### Work order
Look through the entries below and extract exactly the lines from the one containing "Andre Miller Injury: What" through the one containing "トラフィックホーム（外装6段）", ends included.

==========

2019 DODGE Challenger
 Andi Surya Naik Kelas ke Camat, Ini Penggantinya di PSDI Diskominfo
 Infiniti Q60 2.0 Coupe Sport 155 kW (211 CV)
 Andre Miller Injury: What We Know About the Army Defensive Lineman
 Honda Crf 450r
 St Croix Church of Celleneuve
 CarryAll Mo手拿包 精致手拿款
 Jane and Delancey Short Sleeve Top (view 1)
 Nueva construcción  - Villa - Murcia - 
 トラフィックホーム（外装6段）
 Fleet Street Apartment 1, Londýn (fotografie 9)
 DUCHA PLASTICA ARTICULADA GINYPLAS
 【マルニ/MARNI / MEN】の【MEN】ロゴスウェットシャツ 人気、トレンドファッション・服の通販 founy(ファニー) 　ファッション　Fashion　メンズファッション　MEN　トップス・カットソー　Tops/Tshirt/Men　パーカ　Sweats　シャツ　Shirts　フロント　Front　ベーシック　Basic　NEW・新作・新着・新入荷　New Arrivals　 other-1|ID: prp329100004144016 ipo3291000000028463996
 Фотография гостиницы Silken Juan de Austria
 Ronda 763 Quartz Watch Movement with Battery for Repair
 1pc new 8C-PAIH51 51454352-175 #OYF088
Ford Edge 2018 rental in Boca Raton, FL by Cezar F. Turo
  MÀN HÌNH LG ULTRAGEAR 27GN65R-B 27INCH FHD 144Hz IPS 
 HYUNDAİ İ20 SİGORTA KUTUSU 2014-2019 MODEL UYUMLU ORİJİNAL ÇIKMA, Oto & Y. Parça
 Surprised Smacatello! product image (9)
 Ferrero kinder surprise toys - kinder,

==========

### Written answer
 Andre Miller Injury: What We Know About the Army Defensive Lineman
 Honda Crf 450r
 St Croix Church of Celleneuve
 CarryAll Mo手拿包 精致手拿款
 Jane and Delancey Short Sleeve Top (view 1)
 Nueva construcción  - Villa - Murcia - 
 トラフィックホーム（外装6段）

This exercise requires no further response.